Salvini può essere credibile anche a Roma, e sotto Roma, dove tutt’al più aggrega gruppi neofascisti?

Se la sinistra non inizia a porsi il problema dell’emergenza umanitaria della moltitudine, delle periferie, degli ultimi, dei senza casa e lascia tutto in mano al rancore e alla politica della ruspa è chiaro che, prima o poi, gli imprenditori del rancore saranno riconosciuti come i difensori dei ceti sociali in difficoltà anche al Sud. L’Italia è spaccata come una mela: c’è un pezzo tedesco e un altro greco. Al Nord c’è un capitale territoriale simile alla Germania e un Sud che sopravvive con indicatori simili alla Grecia. È un processo consolidato. Se non lo si contrasta, questi elementi sono le tracce dove lavora il nazional-populismo.

Quale ruolo potrebbe giocare un’iniziativa come quella della coalizione sociale di Landini?

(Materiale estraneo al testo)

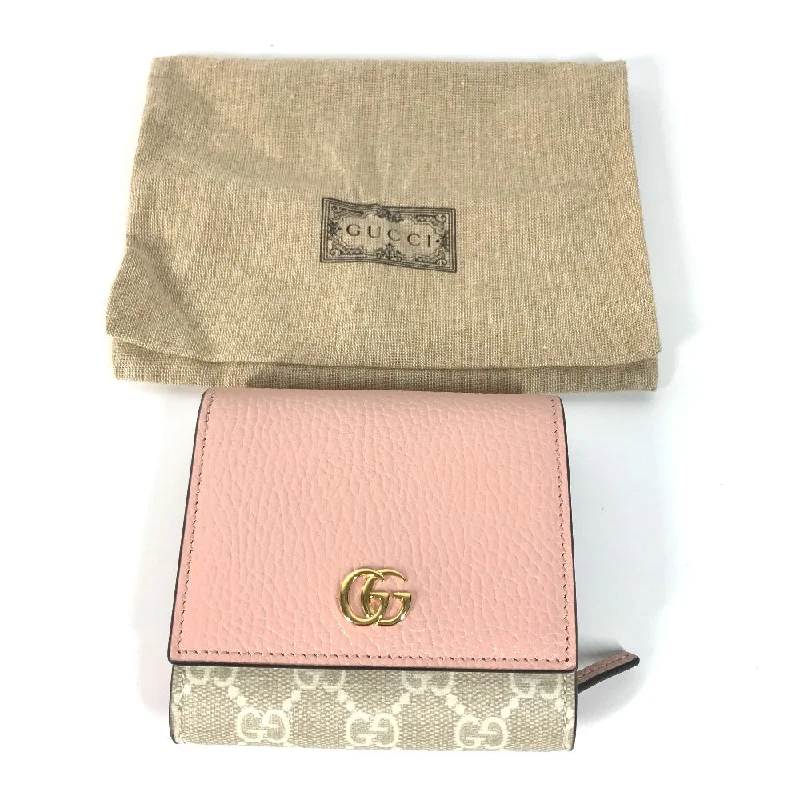 GUCCI Folded wallet 598587 GG Supreme Canvas Pink x Beige type GG Supreme GG Marmont Women Secondhand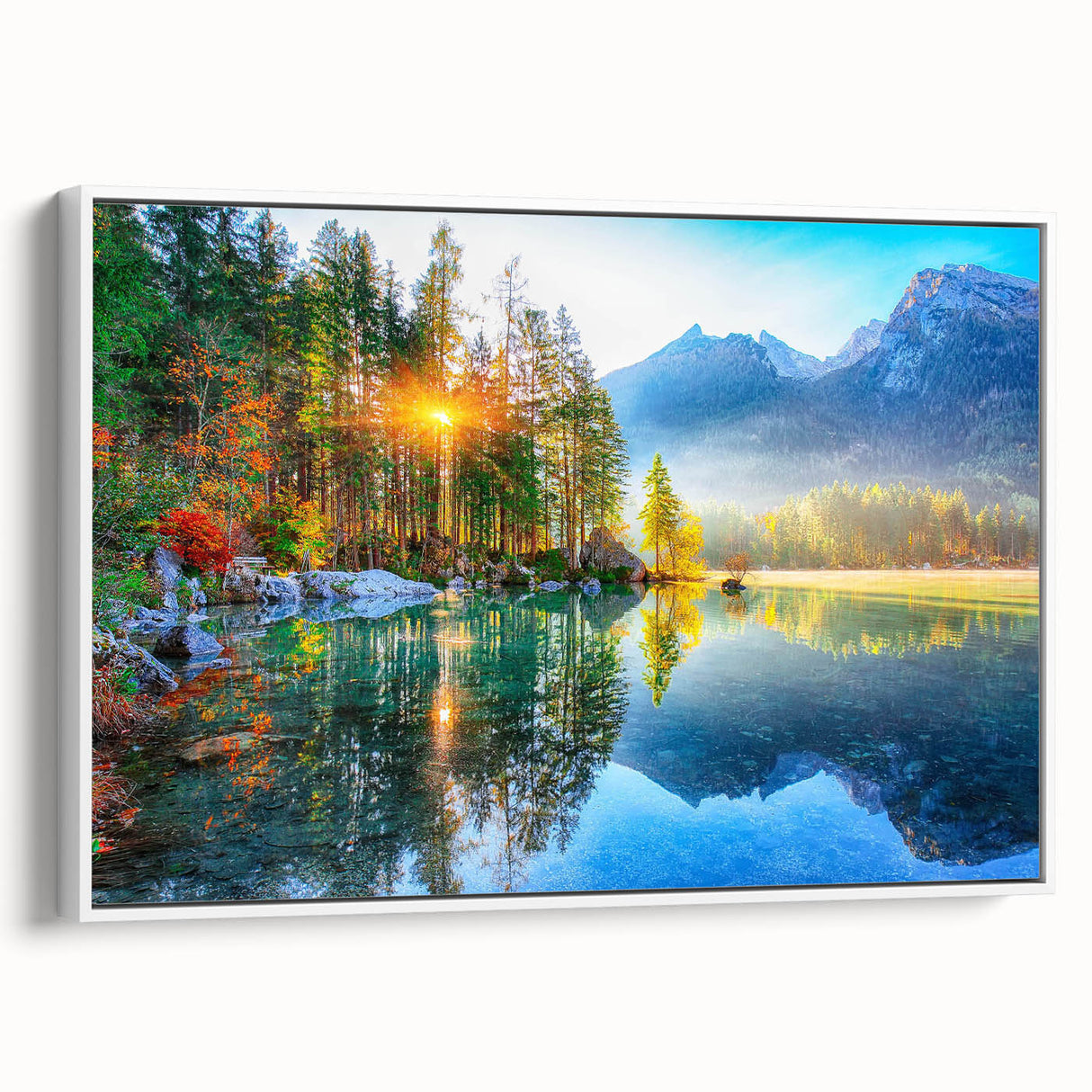 Framed wall art featuring a serene lake landscape design with vibrant colors, displayed in a sleek white frame, perfect for home décor and interior design enthusiasts.
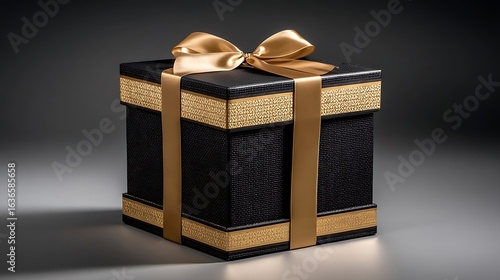 Luxurious gift box with satin ribbon and golden accents, presented in a studio setup. Representing Emotional Investment, Value Proposition, and Financial Milestone Rewards for Wealth Managemen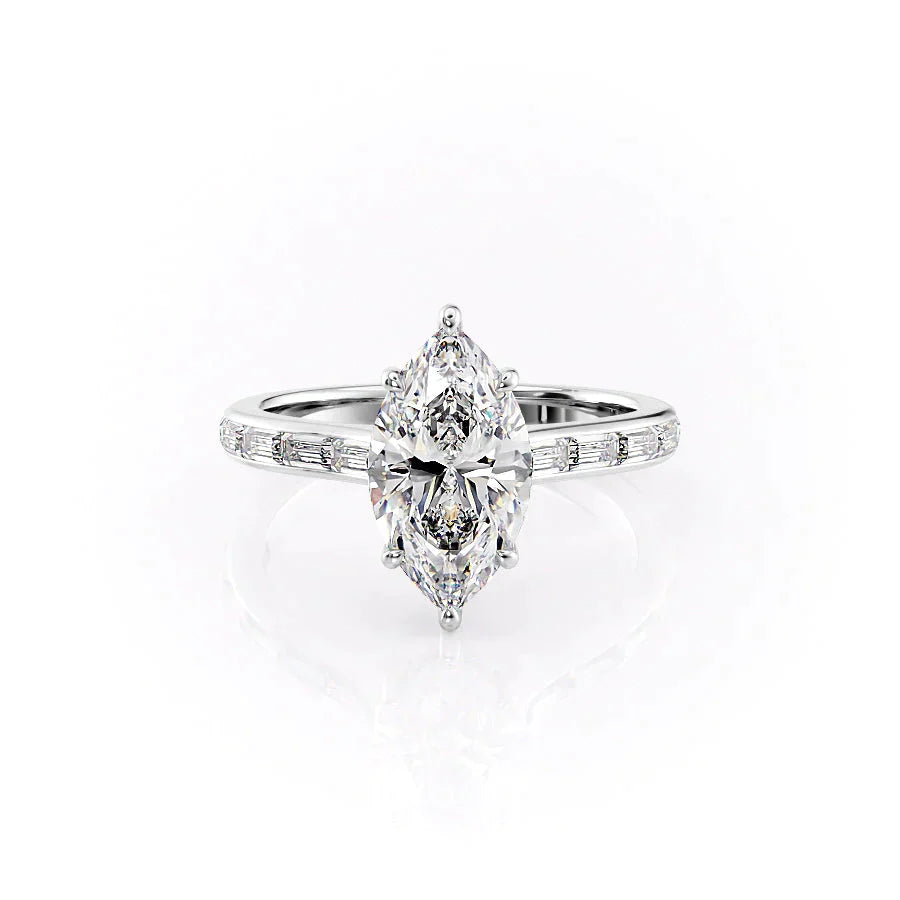 The Monica Set With A 1 Carat Marquise Lab Diamond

Landini sta affrontando la vera questione: la crisi della società di mezzo. Condivido quando dice di non volere fare un partito politico, lui sta cercando di mettersi in relazione con il mutamento della composizione sociale. In Italia esiste un’enorme domanda di rappresentanza pre-politica. Il suo simbolico rivolgersi a Gino Strada e Don Ciotti è una metafora sociale che invita il sindacato ad occupare uno spazio abbandonato, quello delle povertà e dei lavoratori poveri. Il sindacato deve innovarsi confrontandosi con tutti i problemi del lavoro autonomo e dell’innovazione. È un segnale importante che tutto il sindacato non dovrebbe sottovalutare. Così come non dovrebbe farlo Renzi che li guarda dall’alto, con una pura logica politica, definendo tutto questo minoranza della minoranza.